(Provided records Opens)
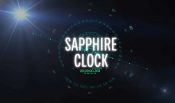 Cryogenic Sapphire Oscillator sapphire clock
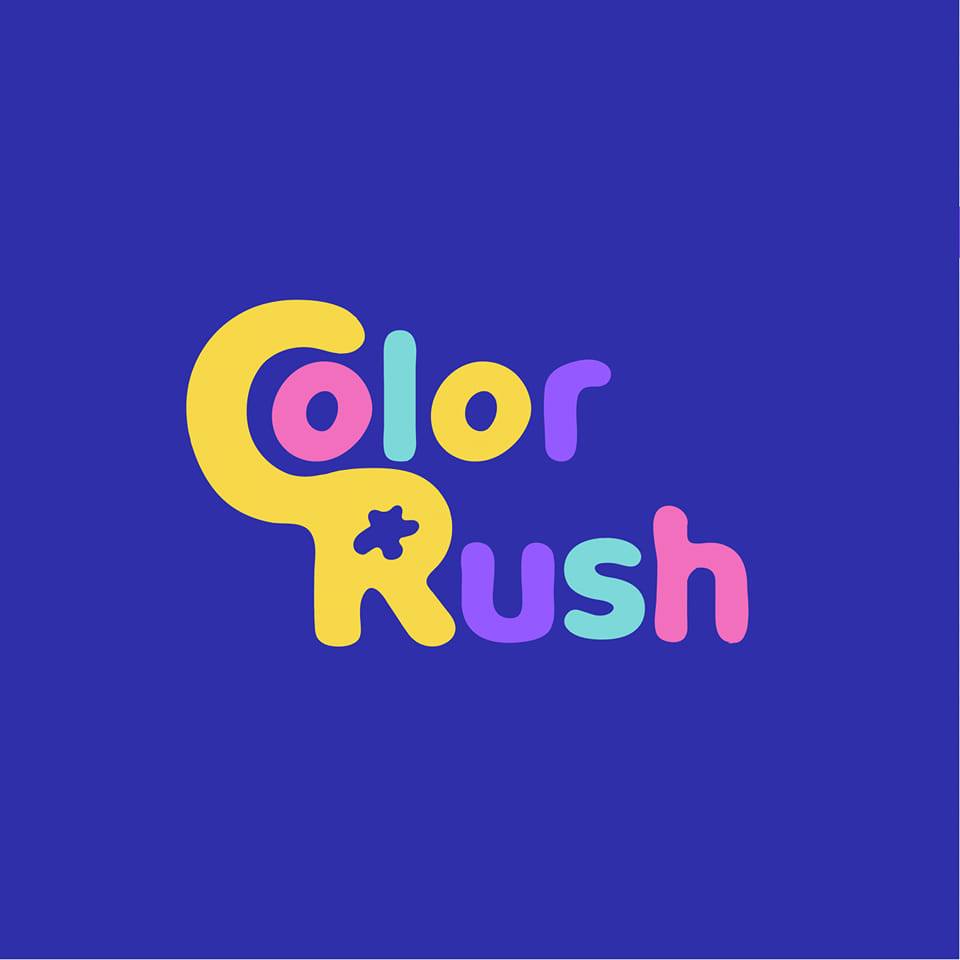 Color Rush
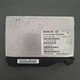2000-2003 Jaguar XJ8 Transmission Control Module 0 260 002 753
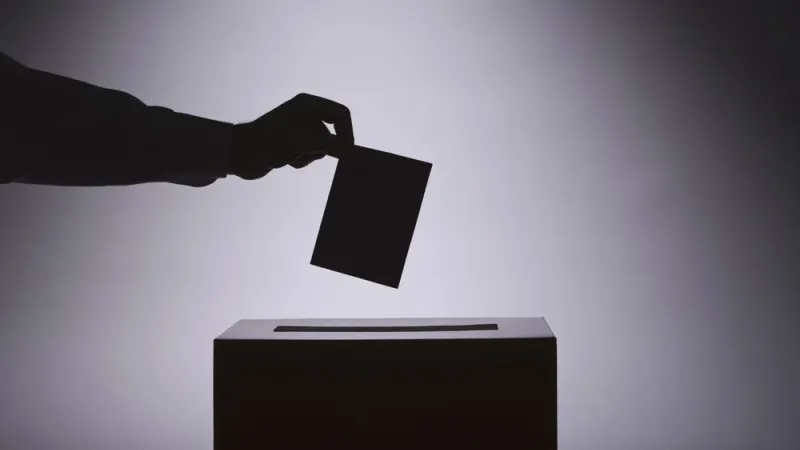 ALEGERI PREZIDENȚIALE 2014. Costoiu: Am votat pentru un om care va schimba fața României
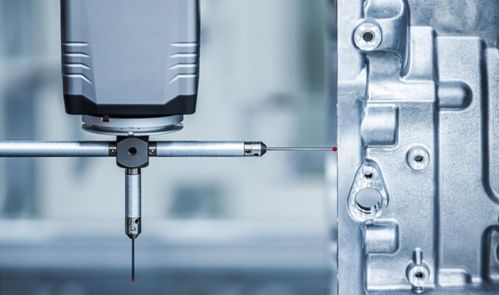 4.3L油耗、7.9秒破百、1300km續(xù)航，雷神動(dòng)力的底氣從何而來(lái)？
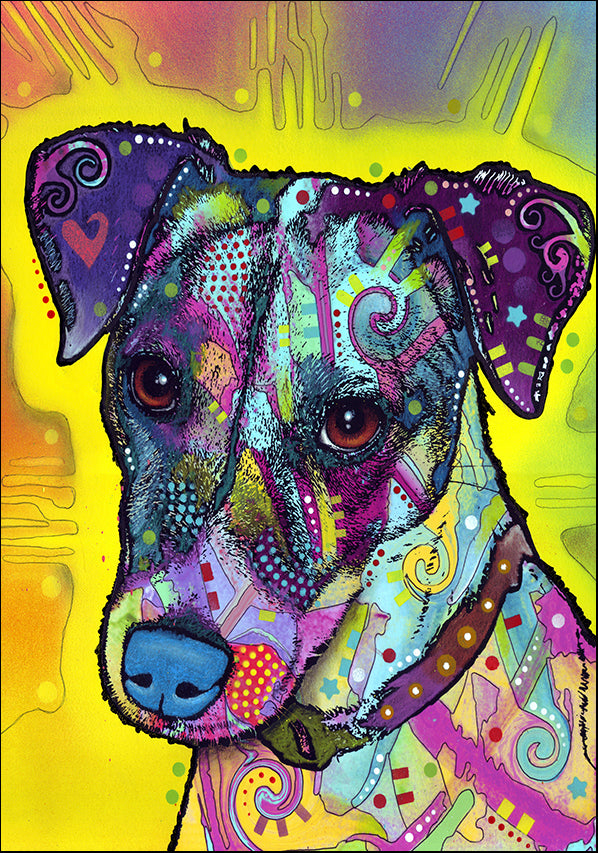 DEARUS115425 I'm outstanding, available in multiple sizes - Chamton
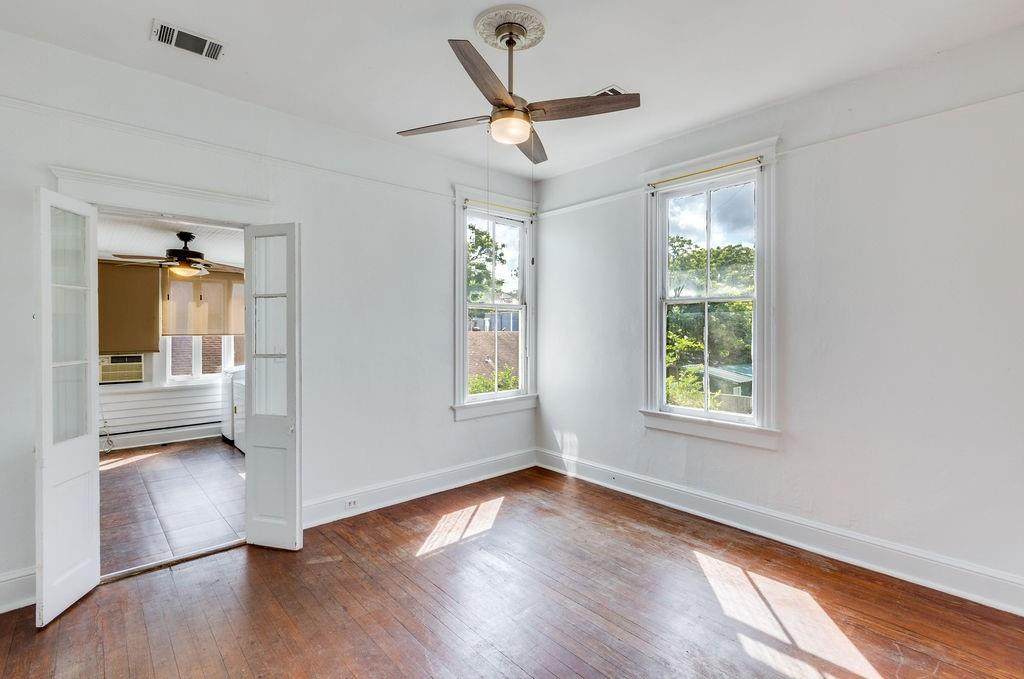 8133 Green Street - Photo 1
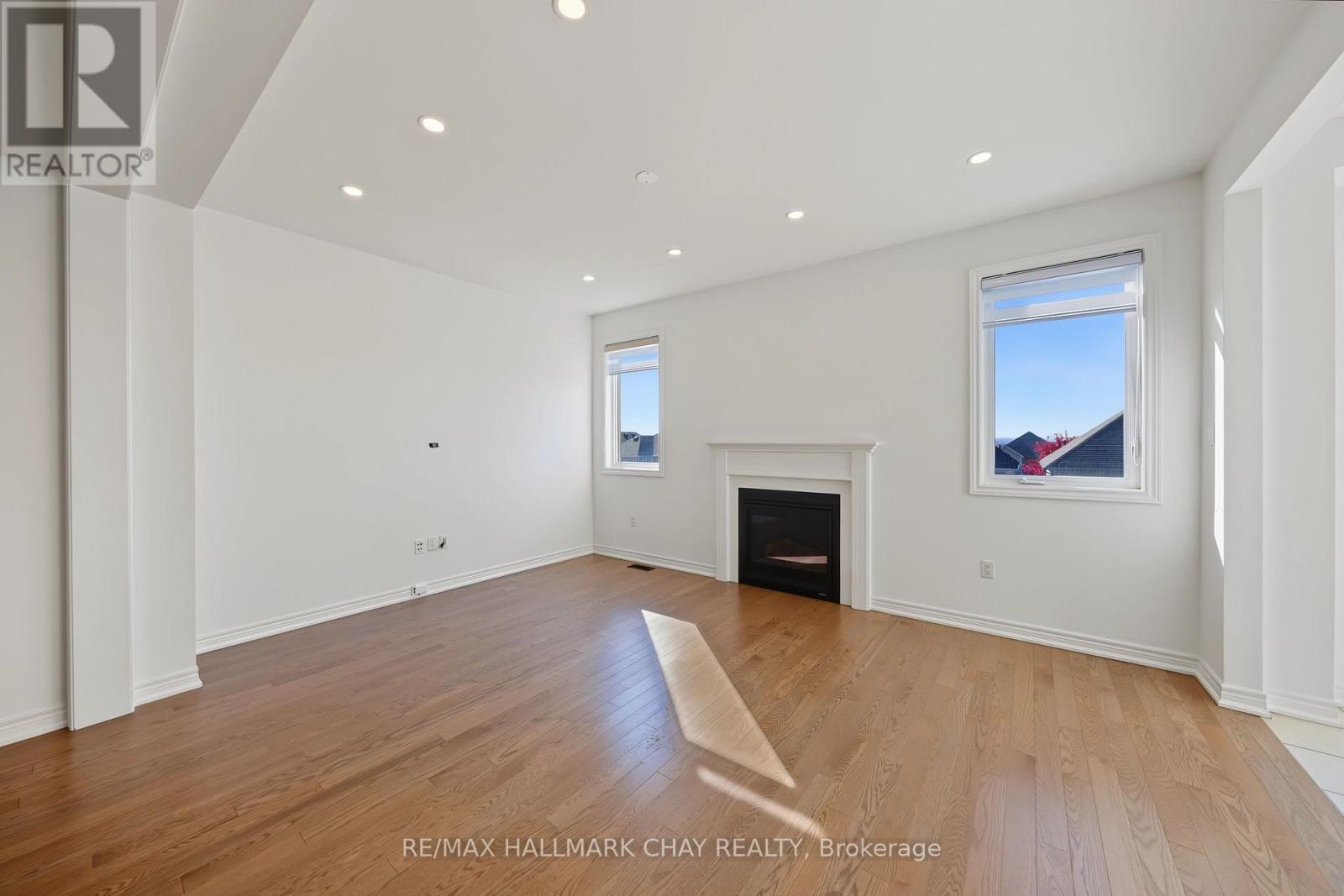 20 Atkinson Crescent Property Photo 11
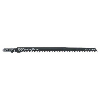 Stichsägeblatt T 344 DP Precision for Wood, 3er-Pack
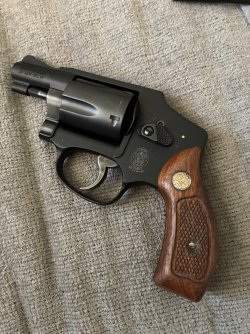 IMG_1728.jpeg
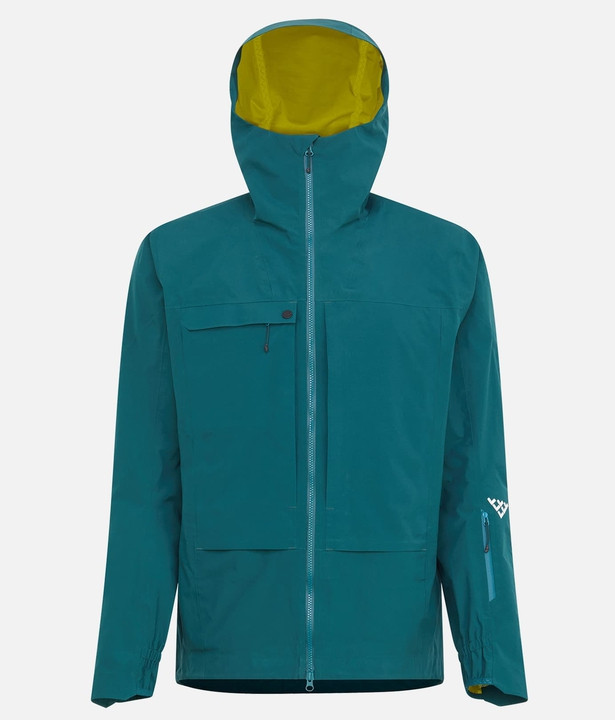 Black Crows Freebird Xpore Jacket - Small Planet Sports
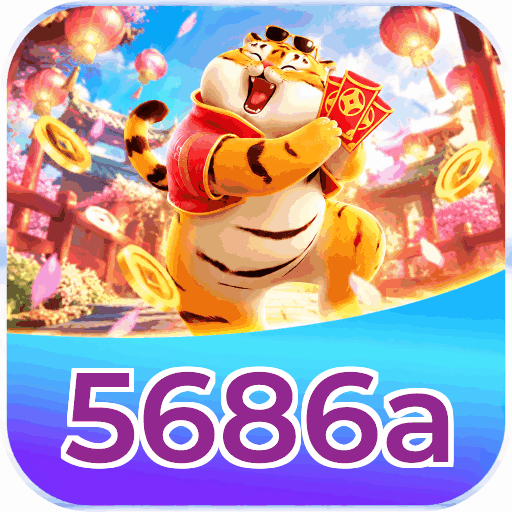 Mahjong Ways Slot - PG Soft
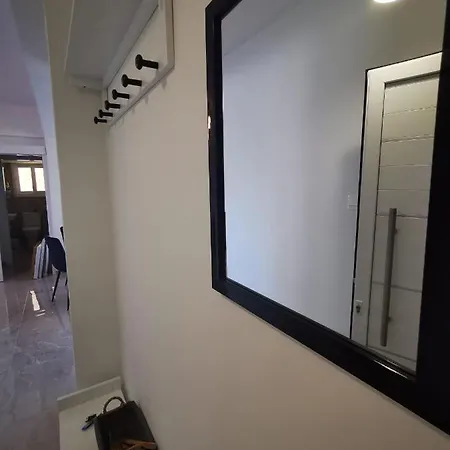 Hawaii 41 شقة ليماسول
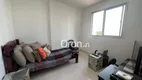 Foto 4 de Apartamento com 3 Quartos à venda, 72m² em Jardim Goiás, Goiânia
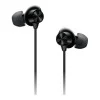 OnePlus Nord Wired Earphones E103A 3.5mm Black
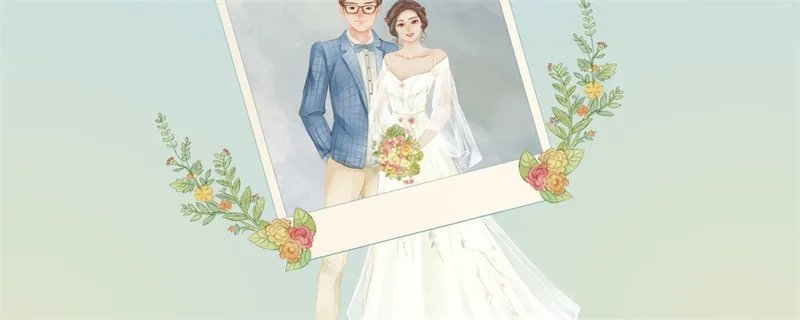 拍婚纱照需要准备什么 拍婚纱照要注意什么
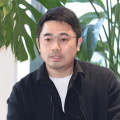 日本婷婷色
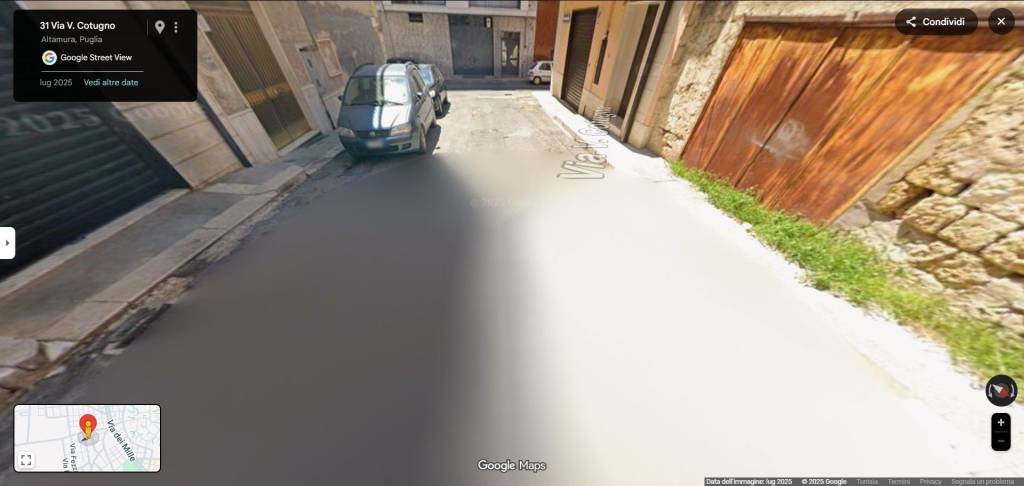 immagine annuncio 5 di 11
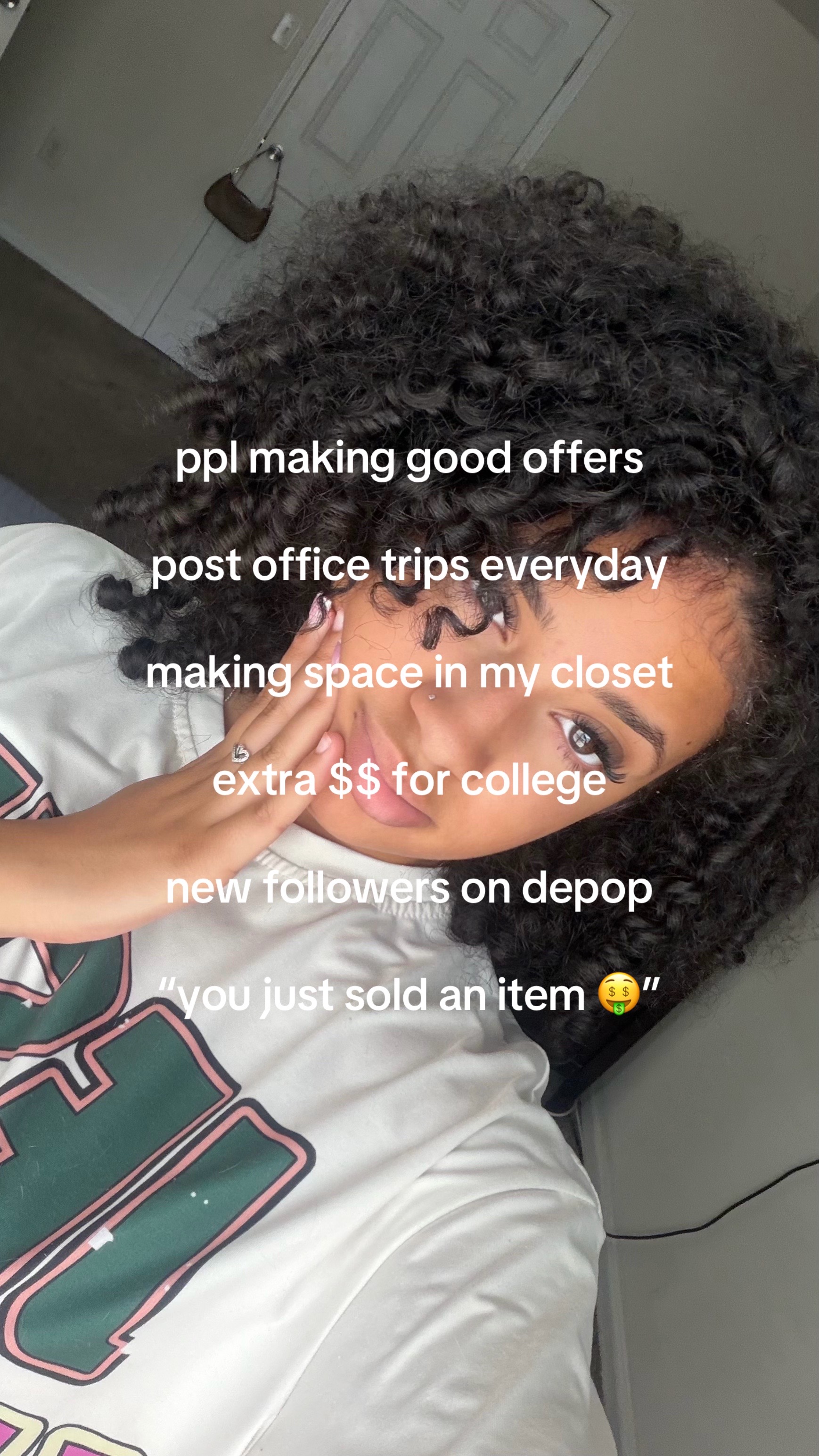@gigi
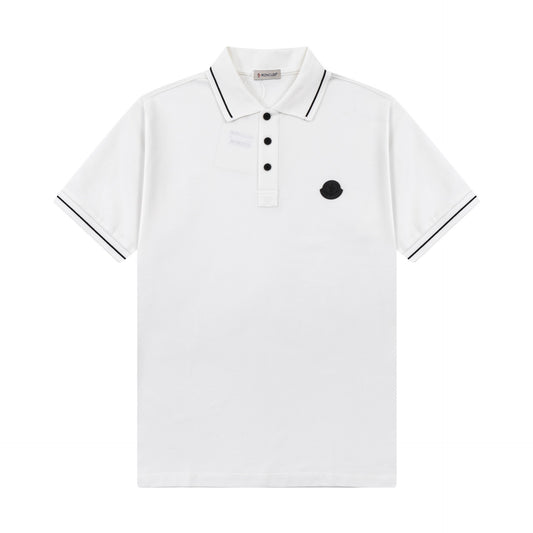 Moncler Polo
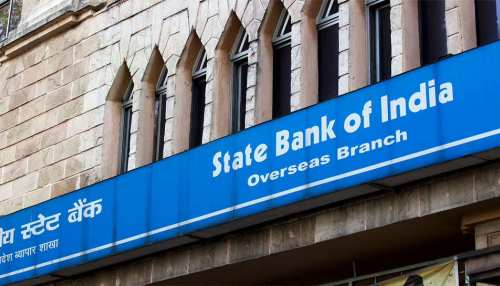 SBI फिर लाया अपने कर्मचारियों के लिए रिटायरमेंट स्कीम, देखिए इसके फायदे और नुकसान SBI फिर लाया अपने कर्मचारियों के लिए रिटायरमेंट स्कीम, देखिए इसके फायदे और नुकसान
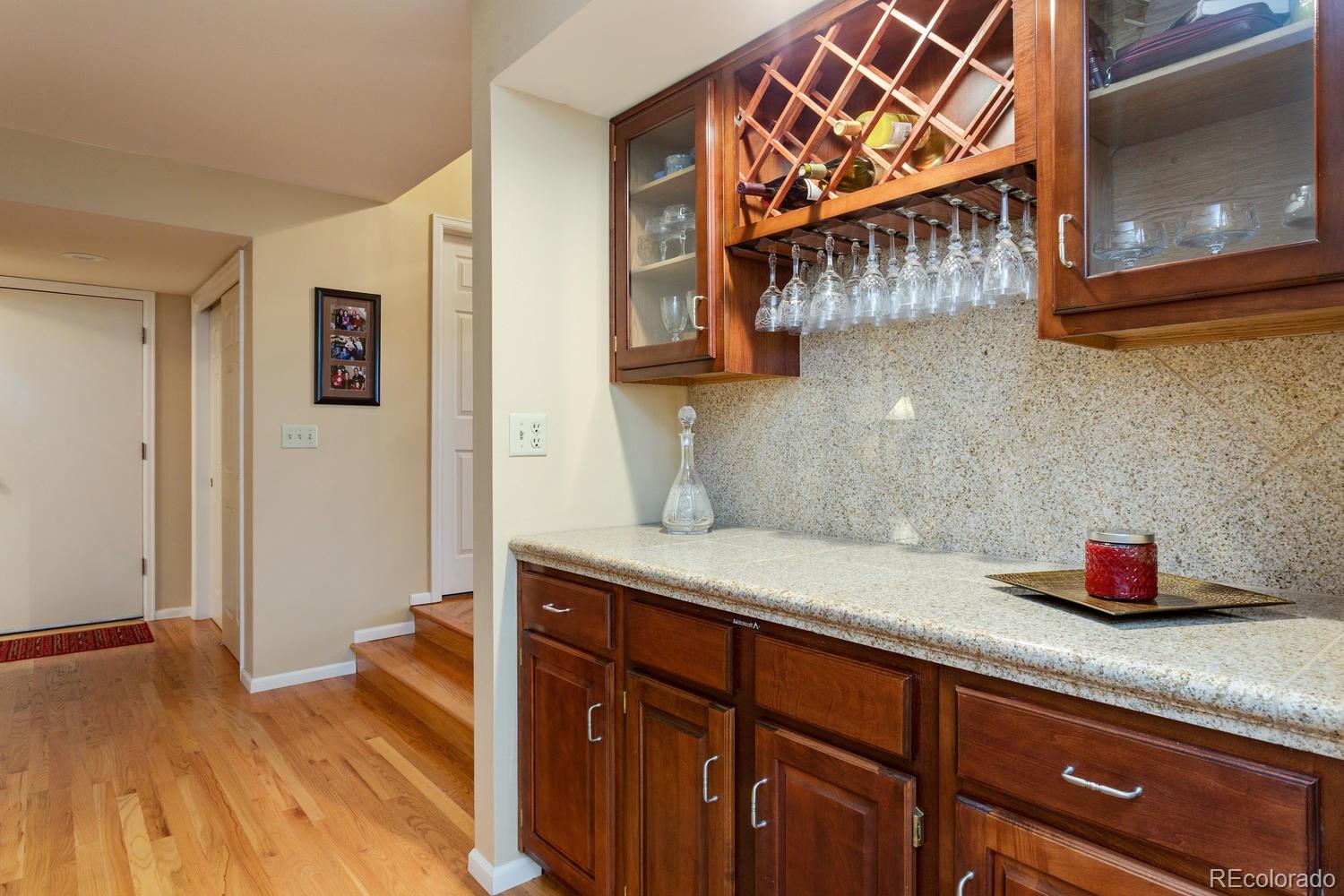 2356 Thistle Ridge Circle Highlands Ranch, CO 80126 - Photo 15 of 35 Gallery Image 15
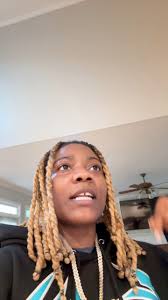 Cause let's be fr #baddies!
(Provided records Closes)
Problem requirements :: What you write should match the entries exactly, except that the pictures are dropped.

Task output ::
 Cryogenic Sapphire Oscillator sapphire clock
 Color Rush
2000-2003 Jaguar XJ8 Transmission Control Module 0 260 002 753
 ALEGERI PREZIDENȚIALE 2014. Costoiu: Am votat pentru un om care va schimba fața României
 4.3L油耗、7.9秒破百、1300km續(xù)航，雷神動(dòng)力的底氣從何而來(lái)？
 DEARUS115425 I'm outstanding, available in multiple sizes - Chamton
 8133 Green Street - Photo 1
 20 Atkinson Crescent Property Photo 11
 Stichsägeblatt T 344 DP Precision for Wood, 3er-Pack
 IMG_1728.jpeg
 Black Crows Freebird Xpore Jacket - Small Planet Sports
 Mahjong Ways Slot - PG Soft
 Hawaii 41 شقة ليماسول
 Foto 4 de Apartamento com 3 Quartos à venda, 72m² em Jardim Goiás, Goiânia
 OnePlus Nord Wired Earphones E103A 3.5mm Black
 拍婚纱照需要准备什么 拍婚纱照要注意什么
 日本婷婷色
 immagine annuncio 5 di 11
@gigi
 Moncler Polo
 SBI फिर लाया अपने कर्मचारियों के लिए रिटायरमेंट स्कीम, देखिए इसके फायदे और नुकसान SBI फिर लाया अपने कर्मचारियों के लिए रिटायरमेंट स्कीम, देखिए इसके फायदे और नुकसान
 2356 Thistle Ridge Circle Highlands Ranch, CO 80126 - Photo 15 of 35 Gallery Image 15
 Cause let's be fr #baddies!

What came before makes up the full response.